- **Problem to solve**:
The required answer is the data below, restated word for word with images omitted.

--- Data extract ---

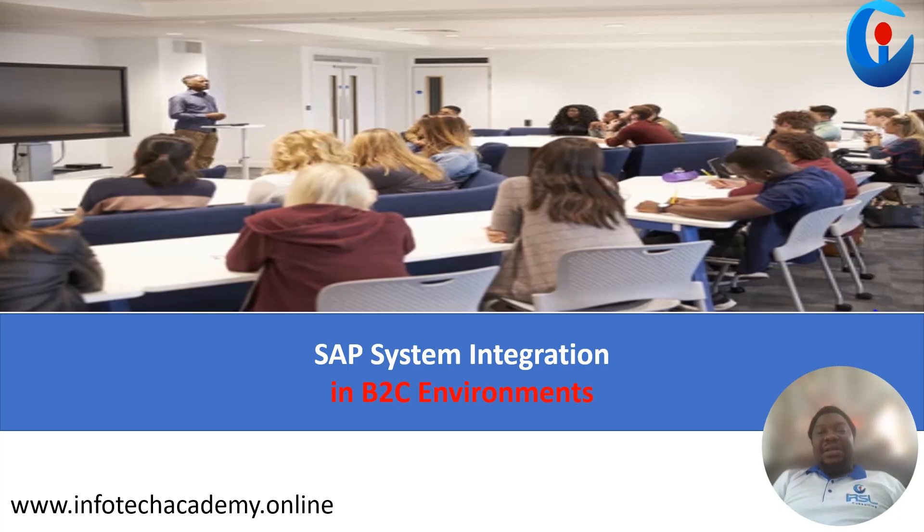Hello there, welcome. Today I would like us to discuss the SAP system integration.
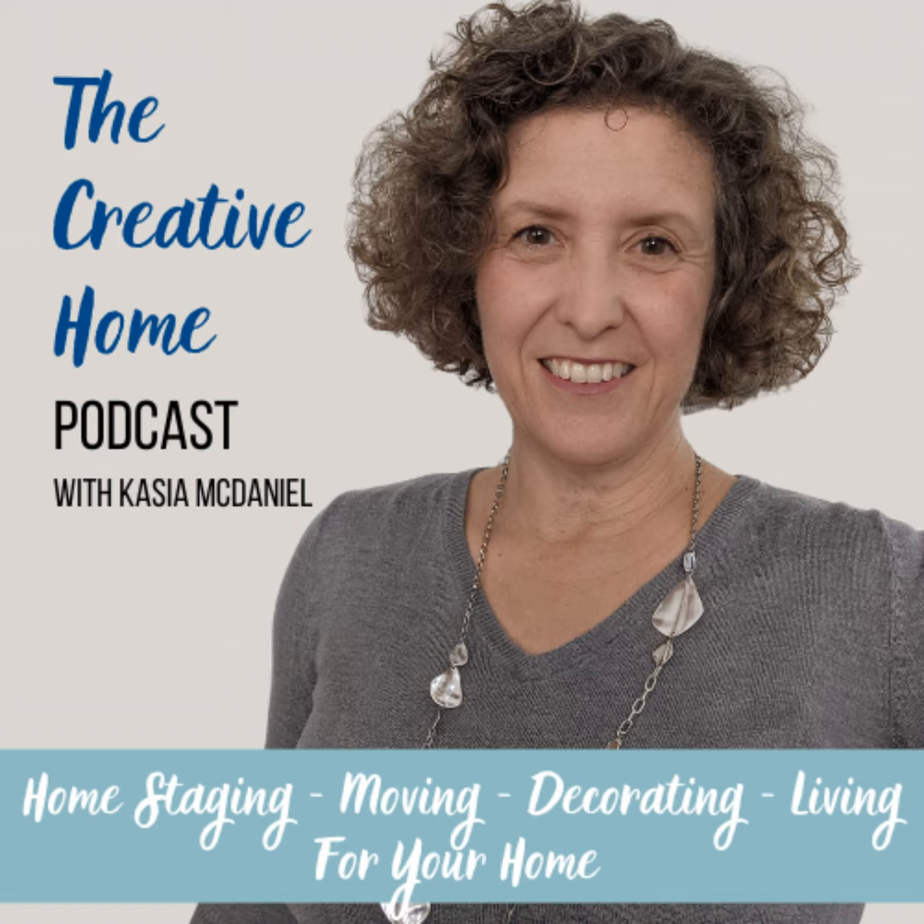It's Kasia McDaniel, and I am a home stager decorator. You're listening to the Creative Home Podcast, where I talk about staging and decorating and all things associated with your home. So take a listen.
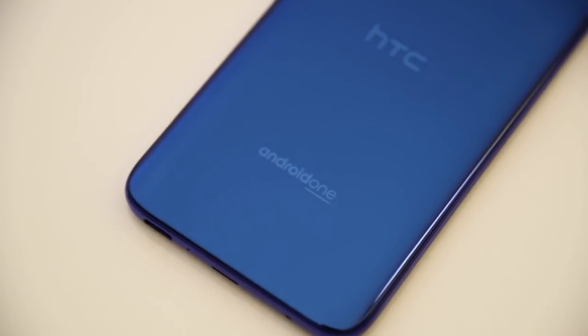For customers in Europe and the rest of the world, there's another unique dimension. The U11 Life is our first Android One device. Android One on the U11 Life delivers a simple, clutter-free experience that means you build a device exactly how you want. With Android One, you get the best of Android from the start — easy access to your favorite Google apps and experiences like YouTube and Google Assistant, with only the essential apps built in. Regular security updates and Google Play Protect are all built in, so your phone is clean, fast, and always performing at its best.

---

- **Response box**:
Hello there, welcome. Today I would like us to discuss the SAP system integration.
It's Kasia McDaniel, and I am a home stager decorator. You're listening to the Creative Home Podcast, where I talk about staging and decorating and all things associated with your home. So take a listen.
For customers in Europe and the rest of the world, there's another unique dimension. The U11 Life is our first Android One device. Android One on the U11 Life delivers a simple, clutter-free experience that means you build a device exactly how you want. With Android One, you get the best of Android from the start — easy access to your favorite Google apps and experiences like YouTube and Google Assistant, with only the essential apps built in. Regular security updates and Google Play Protect are all built in, so your phone is clean, fast, and always performing at its best.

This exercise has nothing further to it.